> [Extracted information]:

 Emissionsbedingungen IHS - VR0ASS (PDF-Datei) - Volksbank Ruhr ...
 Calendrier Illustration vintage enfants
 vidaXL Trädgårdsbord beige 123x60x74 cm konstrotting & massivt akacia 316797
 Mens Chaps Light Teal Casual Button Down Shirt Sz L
--
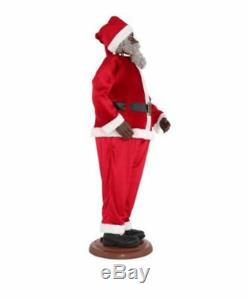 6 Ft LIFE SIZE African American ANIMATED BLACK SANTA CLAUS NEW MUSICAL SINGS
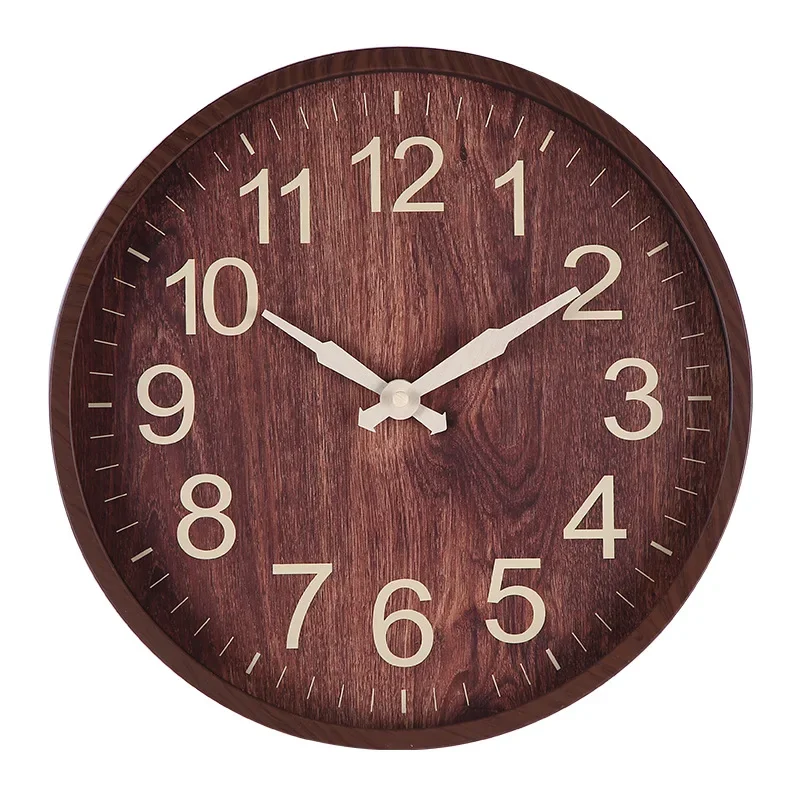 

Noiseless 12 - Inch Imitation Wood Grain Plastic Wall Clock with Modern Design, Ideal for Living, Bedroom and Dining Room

> [Task description]: Would you quote everything above from the line containing "vidaXL Trädgårdsbord beige" down to the line containing "Mens Chaps Light"? Include both of those lines and nothing else.

> [Task result]:
 vidaXL Trädgårdsbord beige 123x60x74 cm konstrotting & massivt akacia 316797
 Mens Chaps Light Teal Casual Button Down Shirt Sz L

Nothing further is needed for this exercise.